Loneliness of the long-distance learners

26th April 1996 at 01:00
Judy Mackie meets four Shetland teachers who made the grade and continued to learn with a phone, hard graft and a little help from their friends.

In a world rapidly shrinking under an ever-tightening web of computer communication links, distance learning is no longer a daunting prospect. But networking existed long before the Internet, among those in remote areas determined to broaden their horizons.

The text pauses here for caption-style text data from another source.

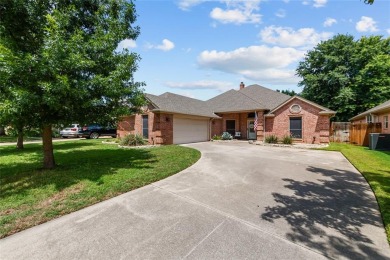 Welcome to this beautifully maintained 4-bedroom, 2-bathroom on Iron Horse Golf Course in Texas - for sale on GolfHomes.com, golf home, golf lot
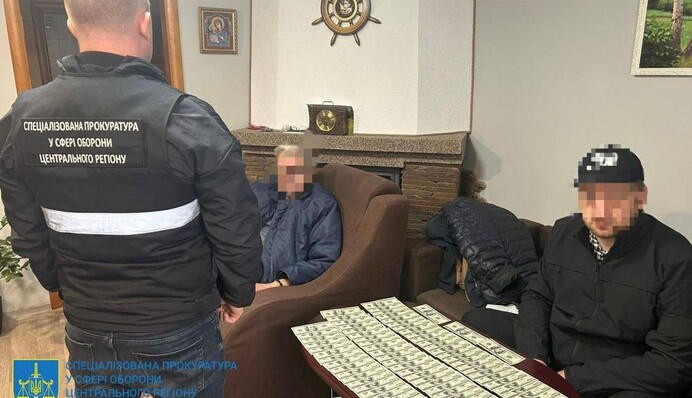 У работников киевского ТЦК нашли свыше 1 млн долларов, 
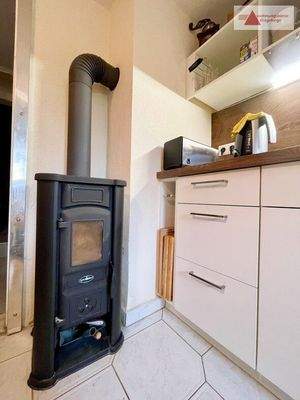 Ofen in der Küche EG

Morag Gray, Pat Ash, Betty Wardrop and Catherine Gibb are, as postgraduate students of Northern College and teachers living in Shetland, in the unique position of being both local pioneers and vestiges of an old order: pioneers, in that they are among the first in the islands to complete distance learning courses in special educational needs and early education; vestiges in that they are the last to do so without the aid of computers.

Having started their courses in 1991, they have, up to now, narrowly missed out on the cyber-education revolution. Their college, based in Aberdeen and Dundee, is now rapidly expanding its computer links throughout the UK and the world, and has just installed its own network in Shetland, enabling students and tutors scattered throughout Scotland to communicate simultaneously as a group.

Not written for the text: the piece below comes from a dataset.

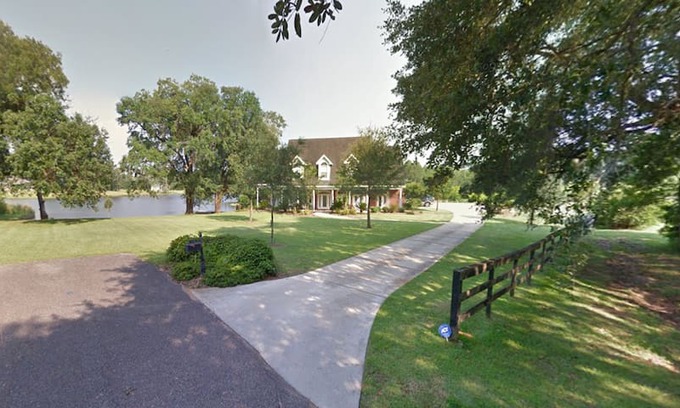 Union Church House | Bell Creek Home - Lake Front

But while the four have little or no experience of computer networking, they are well aware of the benefits of forming a human network on the island.

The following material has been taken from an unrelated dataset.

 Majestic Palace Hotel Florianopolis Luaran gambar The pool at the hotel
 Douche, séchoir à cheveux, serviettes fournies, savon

For three of them, Pat, Betty and Catherine, the loneliness of being long- distance learners led to them forming their own mini-support group. Having completed their certificate in early education with five other Shetland teachers, with whom they still keep in touch, they are buoying each other up to finish their post-graduate diploma, after four years of study.

As full-time teachers - Pat is assistant headteacher at Sandwick junior high, Betty is senior teacher (nursery) at Mossbank primary and Catherine is senior teacher (middle stages) - with families, the three admit they could never have worked in complete isolation.

"You need the support of the others to keep going, I would have found it very difficult to have done the course on my own," says Pat. Betty agrees: "There are certain pressure points when you need to feel you're not on your own. If I feel I'm not getting anywhere with what I'm doing, I'll call up one of the others and it really helps."

Catherine, who lives on Yell, one of Shetland's northern isles, says she would have felt especially isolated, had it not been for Betty and Pat.

Family support is also vital to the distance learner. Morag Gray, now a teacher in special educational needs at Sandwick junior high, studied for her four-year post-graduate diploma at home on the tiny island of Bressay, just off Lerwick. She admits she would never have stayed the course if she had not had the support of her family and friends, who helped by doing anything from housework to typing up her assignments.

"Bressay is a very close-knit community and I received a lot of help. I needed it. At the time, I was working as a part-time learning support teacher at Bressay primary school and my two sons were primary age. My husband feels like he's earned a diploma himself," she says.

She also relied on regular contact with the seven other Shetlanders on her course and their tutor, whose telephone tutorials and quarterly visits were a great inspiration to Morag. "Every now and then I needed a shove to keep going. After I completed my certificate, I thought about stopping there, but my tutor persuaded me to go on."

Pat, Betty and Catherine have also found much inspiration in their tutor, Liz Greig, who admits a large part of her job is providing a "wee psychological nudge" to distance learning students when the weight of their studies becomes too much.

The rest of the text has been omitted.